Hogarth. Sir Francis at His Devotions. 1757. Private CollectionIn 1757, Dashwood commissioned William Hogarth to mimic Knapton’s painting in yet another portrait as a member of the Roman Catholic clergy.  Sir Francis Dashwood at His Devotions, modelled on Agostino Carracci’s St. Francis Adoring the Cross portrays him leering at a naked, prostrate woman.  An open book, referring to the poems of Ovid, and a masquerade mask lie nearby as a tray of fruits and wine tumbles to the floor, referring the viewer to the excess of Carnival and the attendant rites of Bacchus and Venus.  The nimbus over his head is the profile of his friend and fellow Medemenham Monk John Montagu, 4th Earl of Sandwich.  This is a pivotal piece in the history of the group, one which will be the subject of future posts.

These early visual depictions and writings point to a decades-long development of the group.   The association seems to have emerged from the male libertine sociability of the Grand Tour and the rage for masquerade that was such a feature of elite social life in the early eighteenth century.


[1] Dashwood to Boyne, 30 January 1740 NS, West Wycombe Archives, copy from an unidentified auction catalog in the West Wycombe Archives.

[2] Brinsley Ford and Paul Mellon Centre for Studies in British Art, A Dictionary of British and Irish Travellers in Italy, 1701-1800 / Ingamells, John. (New Haven and London: Yale University Press and the Paul Mellon Centre for Studies in British Art, 1997), 278.
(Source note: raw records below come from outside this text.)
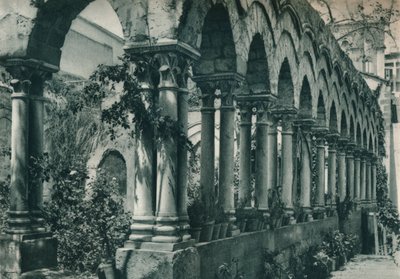 Ruïnes van een kleine kapel, Palermo, Sicilië, Italië, 1927 door Eugen Poppel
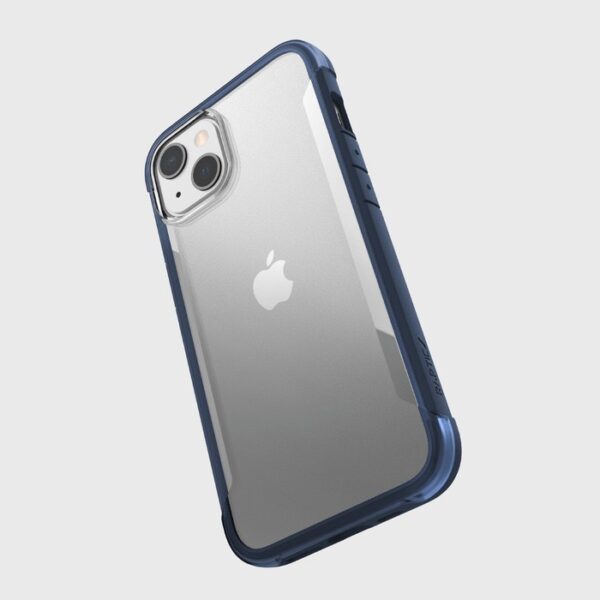 iPhone 13 Pro - Raptic/X-Doria Terrain - Impact Case, mit blauem Rahmen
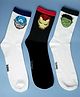 Yellow Bee Cotton Knit Pack Of 3 Marvel Avengers Featuring Characters Designed Socks - Multi Colour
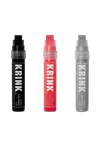 Krink K-55 3 Pack Paint Marker Set: Black, Red, Silver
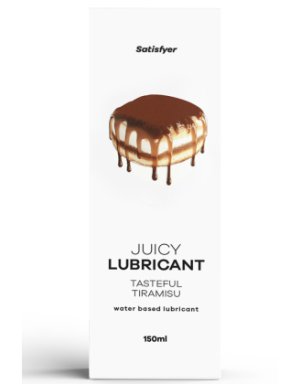 Lubrifiant à base d'eau Tiramisu savoureux 300 ml Satisfyer 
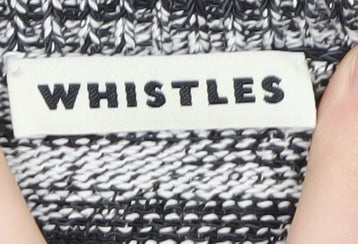 Whistles Women's Black & Grey Crew Neck Jumper Size 12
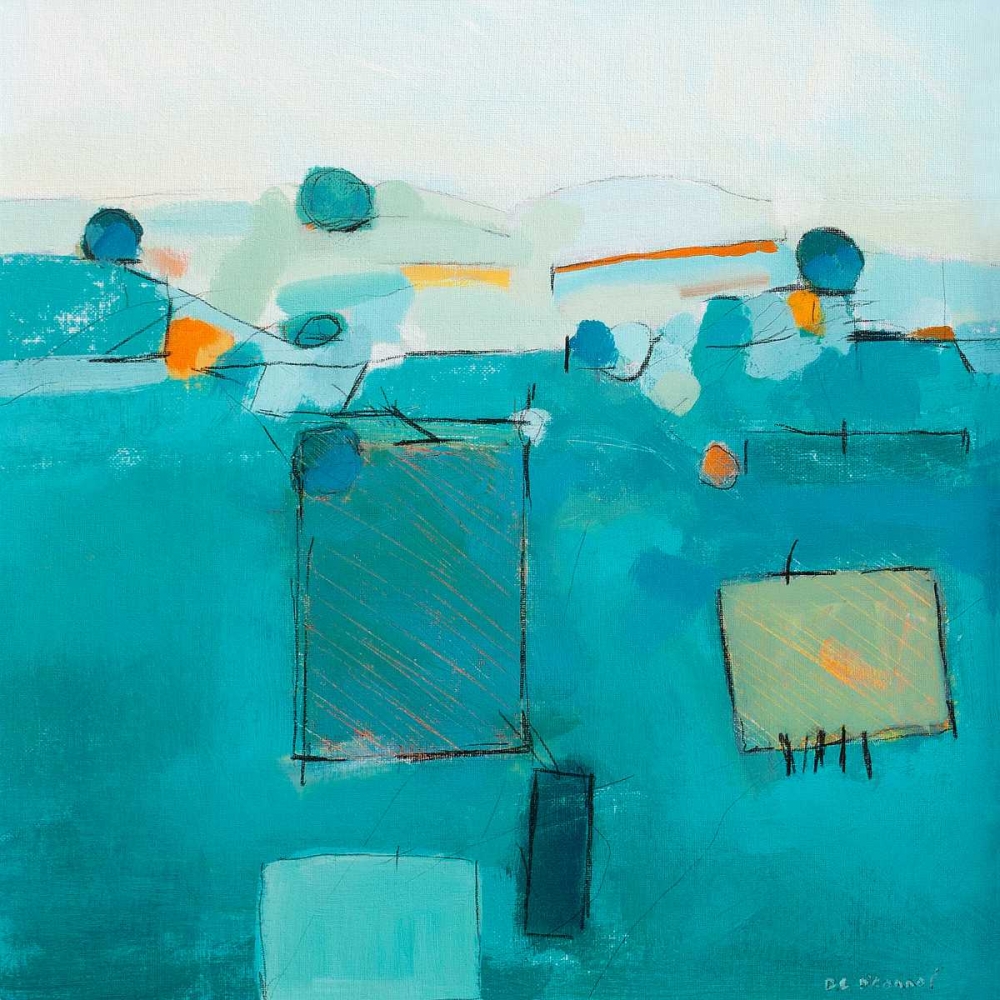 Blue Landscape art print by David OConnor for $57.95 CAD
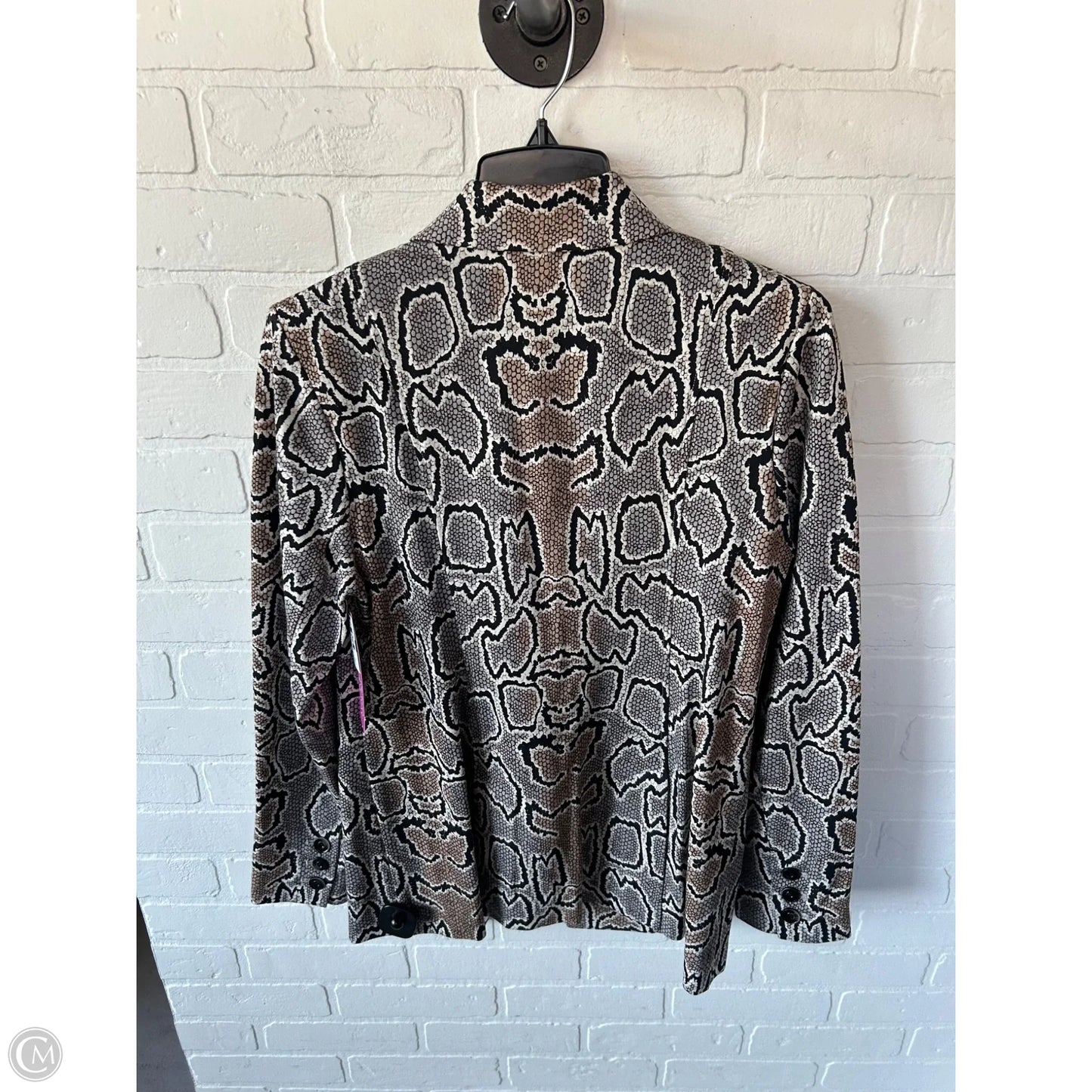 Blazer By Cabi In Brown & Grey, Size: M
[3] Charles de Brosses, Lettres d’Italie du Président de Brosses, vol. 2 (Paris, 1986), 445.

[4] Charles de Brosses, Lettres d’Italie du Président de Brosses, vol. 2 (Paris, 1986), 445.

[5] Jason M. Kelly, The Society of Dilettanti: Archaeology and Identity in the British Enlightenment (New Haven and London: Yale University Press and the Paul Mellon Centre for Studies in British Art, 2009), 37–56.

[6] Reprinted in A Select Collection of the Most Interesting Letters on the Government, Liberty, and Constitution of England, vol. 2 (London, 1763), p. 37.  This was an extension of Public Advertiser, 2 June 1763.

[7] Jonathan Richardson, An Account of Some of the Statues, Bas-reliefs, Drawings and Pictures in Italy (London, 1722), 55.

[8] George Bubb Dodington to Dashwood, 5 October 1745, Bodleain MS D.D. Dashwood (Bucks) C.5 B11/1/5, 1r.

[9] Walpole, Corr., 19.224

[10] George Bubb Dodington to Francis Dashwood, 5 October 1745, Bodleain MS D.D. Dashwood (Bucks) C.5 B11/1/5.  The marriage took place on 11 December 1757 according to Joseph L. Chester and George J. Armytage, Allegations for Marriage Licences Issued by the Bishop of London, 1520 to 1828, Harleian Society, vol. 26 (London, 1887), p. 345.

[11] Earl Temple to John Wilkes, 12 October 1754, The Grenville Papers: Being the Correspondence of Richard Grenville Earl Temple, K.G., and the Right Hon: George Grenville, vol. 1, ed. William James Smith (London: 1852), 125-7.